Yesterday I got an issue of Ebony magazine in the mail. At first I thought it might be a mistake, but no, right there in black and white was my name and address printed on the label. This struck me as odd. Aside from the fact that I didn't order Ebony, I'm also not black. This got me reflecting on the many times in my life when, perhaps, it wasn't so clear what my origins might be. Let me explain.
Growing up, my neighborhood was incredibly diverse. Across the street was a family with a Haitian father and Chilean mother (the parents of my oldest friend, the Lady Doctor). Next door to us was a Jewish family and next door to them, a Palestinian family. And there my family was, in the middle of all of it. I can't think of a better way to grow up . . . and I think the uniqueness of our neighborhood and the collective memories we all share has contributed to the fact that I'm still close friends with many of the kids I grew up with.
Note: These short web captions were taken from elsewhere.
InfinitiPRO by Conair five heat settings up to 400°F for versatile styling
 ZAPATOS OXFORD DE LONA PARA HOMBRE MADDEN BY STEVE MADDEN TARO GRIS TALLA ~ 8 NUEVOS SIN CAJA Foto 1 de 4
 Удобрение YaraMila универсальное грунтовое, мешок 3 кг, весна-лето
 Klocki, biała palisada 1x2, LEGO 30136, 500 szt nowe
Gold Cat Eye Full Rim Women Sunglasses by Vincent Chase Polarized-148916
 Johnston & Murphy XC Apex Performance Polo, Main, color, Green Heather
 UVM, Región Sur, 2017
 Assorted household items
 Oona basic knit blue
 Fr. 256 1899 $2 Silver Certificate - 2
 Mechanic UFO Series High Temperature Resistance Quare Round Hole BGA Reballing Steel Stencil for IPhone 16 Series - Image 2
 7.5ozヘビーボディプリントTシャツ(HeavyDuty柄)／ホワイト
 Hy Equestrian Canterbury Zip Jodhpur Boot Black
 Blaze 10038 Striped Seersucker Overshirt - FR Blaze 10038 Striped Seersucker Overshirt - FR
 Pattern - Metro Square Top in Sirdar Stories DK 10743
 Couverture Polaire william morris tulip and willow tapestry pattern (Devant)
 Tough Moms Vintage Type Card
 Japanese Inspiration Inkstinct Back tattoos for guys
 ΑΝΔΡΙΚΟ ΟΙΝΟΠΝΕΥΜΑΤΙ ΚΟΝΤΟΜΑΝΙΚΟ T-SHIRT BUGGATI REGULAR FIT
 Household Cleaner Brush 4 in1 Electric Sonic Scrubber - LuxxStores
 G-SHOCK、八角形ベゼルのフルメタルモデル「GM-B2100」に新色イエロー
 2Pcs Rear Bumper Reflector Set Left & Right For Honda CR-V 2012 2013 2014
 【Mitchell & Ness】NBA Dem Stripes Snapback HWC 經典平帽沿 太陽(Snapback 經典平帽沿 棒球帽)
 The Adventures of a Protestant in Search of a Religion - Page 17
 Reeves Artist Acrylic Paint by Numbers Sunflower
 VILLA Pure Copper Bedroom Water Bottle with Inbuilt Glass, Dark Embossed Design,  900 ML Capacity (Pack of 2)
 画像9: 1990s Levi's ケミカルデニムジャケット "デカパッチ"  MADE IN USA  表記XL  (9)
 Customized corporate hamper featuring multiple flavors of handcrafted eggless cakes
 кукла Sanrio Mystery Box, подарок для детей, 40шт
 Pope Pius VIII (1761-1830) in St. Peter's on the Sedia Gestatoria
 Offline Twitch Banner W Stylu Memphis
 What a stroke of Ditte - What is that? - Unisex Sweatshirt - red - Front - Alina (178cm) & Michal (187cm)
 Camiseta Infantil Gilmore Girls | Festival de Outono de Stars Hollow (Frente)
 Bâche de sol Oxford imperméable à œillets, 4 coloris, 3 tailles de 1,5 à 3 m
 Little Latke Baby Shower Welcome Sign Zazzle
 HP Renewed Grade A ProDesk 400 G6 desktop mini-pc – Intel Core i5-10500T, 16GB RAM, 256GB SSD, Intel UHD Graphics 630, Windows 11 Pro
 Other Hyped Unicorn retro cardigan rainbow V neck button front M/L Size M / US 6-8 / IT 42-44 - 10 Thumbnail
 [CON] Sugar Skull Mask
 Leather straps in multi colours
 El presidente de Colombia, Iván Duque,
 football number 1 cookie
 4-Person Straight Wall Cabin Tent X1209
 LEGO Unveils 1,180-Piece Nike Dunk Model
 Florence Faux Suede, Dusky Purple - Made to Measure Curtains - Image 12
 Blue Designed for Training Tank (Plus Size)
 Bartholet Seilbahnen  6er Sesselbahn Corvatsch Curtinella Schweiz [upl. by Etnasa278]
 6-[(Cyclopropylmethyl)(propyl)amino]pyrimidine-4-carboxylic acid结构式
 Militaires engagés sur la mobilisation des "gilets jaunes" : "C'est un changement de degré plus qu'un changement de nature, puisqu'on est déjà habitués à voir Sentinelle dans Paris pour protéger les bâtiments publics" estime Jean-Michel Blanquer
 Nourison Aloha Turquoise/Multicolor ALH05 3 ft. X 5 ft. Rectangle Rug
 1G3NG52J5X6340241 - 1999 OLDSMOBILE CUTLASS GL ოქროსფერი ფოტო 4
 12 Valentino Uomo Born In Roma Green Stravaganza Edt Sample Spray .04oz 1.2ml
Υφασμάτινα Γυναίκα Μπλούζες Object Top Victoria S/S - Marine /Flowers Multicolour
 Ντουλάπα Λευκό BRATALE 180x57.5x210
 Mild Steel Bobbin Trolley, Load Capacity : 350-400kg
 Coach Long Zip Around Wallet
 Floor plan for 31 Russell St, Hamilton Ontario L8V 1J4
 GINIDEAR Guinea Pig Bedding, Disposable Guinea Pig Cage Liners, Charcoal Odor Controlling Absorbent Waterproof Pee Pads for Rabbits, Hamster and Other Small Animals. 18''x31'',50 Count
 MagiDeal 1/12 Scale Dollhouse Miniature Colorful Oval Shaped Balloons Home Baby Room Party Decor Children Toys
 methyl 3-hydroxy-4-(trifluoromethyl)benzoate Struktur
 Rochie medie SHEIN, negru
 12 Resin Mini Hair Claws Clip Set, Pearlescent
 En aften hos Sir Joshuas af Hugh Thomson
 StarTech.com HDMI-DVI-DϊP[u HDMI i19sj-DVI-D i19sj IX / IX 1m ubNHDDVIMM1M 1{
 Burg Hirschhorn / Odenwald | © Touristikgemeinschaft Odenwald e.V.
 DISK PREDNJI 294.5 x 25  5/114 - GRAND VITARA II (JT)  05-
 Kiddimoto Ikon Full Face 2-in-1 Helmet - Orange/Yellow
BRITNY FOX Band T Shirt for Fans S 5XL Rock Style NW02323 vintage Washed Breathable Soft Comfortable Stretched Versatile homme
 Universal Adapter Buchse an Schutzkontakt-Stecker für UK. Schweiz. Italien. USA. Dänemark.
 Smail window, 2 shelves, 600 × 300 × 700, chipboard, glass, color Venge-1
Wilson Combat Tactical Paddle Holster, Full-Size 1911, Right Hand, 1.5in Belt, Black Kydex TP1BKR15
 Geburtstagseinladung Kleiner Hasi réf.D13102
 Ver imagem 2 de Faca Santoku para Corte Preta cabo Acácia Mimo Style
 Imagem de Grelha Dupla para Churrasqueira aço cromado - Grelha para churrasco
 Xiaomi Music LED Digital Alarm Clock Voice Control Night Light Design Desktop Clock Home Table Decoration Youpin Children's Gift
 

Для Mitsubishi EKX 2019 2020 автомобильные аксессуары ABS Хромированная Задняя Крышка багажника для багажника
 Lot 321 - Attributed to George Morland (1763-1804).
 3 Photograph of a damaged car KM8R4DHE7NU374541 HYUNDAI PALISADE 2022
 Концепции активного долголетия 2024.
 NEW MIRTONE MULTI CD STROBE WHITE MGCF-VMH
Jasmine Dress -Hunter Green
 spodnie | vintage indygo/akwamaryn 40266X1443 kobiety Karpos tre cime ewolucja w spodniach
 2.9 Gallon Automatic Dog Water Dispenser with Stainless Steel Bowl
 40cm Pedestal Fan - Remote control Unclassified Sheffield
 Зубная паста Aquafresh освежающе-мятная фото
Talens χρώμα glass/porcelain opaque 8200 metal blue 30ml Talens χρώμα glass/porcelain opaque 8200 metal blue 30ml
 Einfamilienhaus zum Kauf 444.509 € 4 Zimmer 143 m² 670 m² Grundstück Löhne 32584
I've known my best girlfriends since we were little kids (and in the case of the Lady Doctor, babies). So it never struck me as odd that I'm the only white girl in the group. The first time anyone called it to my attention was when I was in college. I had a picture of all of us in my dorm room and a friend said, "Do people look at you weird when you go out with them?" I didn't understand the question. Eventually the lightbulb came on and I realized that perhaps not everyone came from a neighborhood that looks like the United Nations. Since then, my, ahem, lack of melanin has been a source of entertainment for us for years.
One summer, shortly after college, The Girls (as we've called ourselves for years) and I went to Chicago for a long weekend. One night, we went to some party at the House of Blues . . . and I was the only white girl there. Who cares, right? I sure didn't. But shortly after we got there, the only other white guy in the place came over to us with his friend. They talked to us for a bit, before my pale-faced brother asked, "Uh, excuse me, but what are you?" A lady? A Washingtonian? Catherine Zeta-Jones? I knew what he was getting at, but playing dumb was so much more fun.
That same summer, my friend the Policy Lawyer's Mother discovered an article in a local African American-community newspaper about distinguished young people who had graduated recently. Guess who appeared prominently in the article? (Turns out it was written by a friend and colleague of my mother's, who thought it would be nice to mention me.) PLM's (joking) response? "I didn't know WashingTina was black." Neither did I.
Another time, shortly after a summer trip to Mexico (so I was much less melanin-challenged than usual), I was walking to my car at the Silver Spring Metro, and a man walking in the same direction struck up a conversation with me. He was about my age, friendly enough, and black. It didn't occur to me that he thought I was black, too. That is, until he said, "I have to know, what are you?" Again . . . what is the correct answer to that question? A Wiccan? A trapeze artist? A member of the Junior League?
My friend the Policy Lawyer used to work for UNCF, so WH and I were invited to a fundraiser they were putting on one year. When we got there, we got raffle tickets. It was a lovely event, down on the SW Waterfront in the old 701. It came time for the raffle, so we got out our tickets. There was all kinds of stuff, though I don't remember what most of it was. The grand prize was a leather UNCF bomber jacket. Three guesses who won. I walked timidly to collect my prize . . . again, the only white girl in the room. Thank goodness I had been passing all those years. I decided that my father, who never met a free T-shirt he didn't like, would find this jacket the ultimate in free stuff, so I ordered his size.
This brings me to the fact that I'm not the only one in my family who may or may not be white. For years my parents have been members of the NAACP. They used to go to their annual dinner every year. Shortly after the dinner one year, my father received an invitation letter to join the black alumni association at American University (he actually is an alum there). We began to wonder if everyone else knew something that we didn't.
WH often tells me I'd make a perfect spy because I can blend in to any group. When I'm with his Iranian family, nobody would know I'm not Persian. Frequently in our Adams Morgan neighborhood, someone will ask me for directions in Spanish. And I like it. It's nice to fit . . . especially when so many people never get to fit. I'm lucky, I fit anywhere.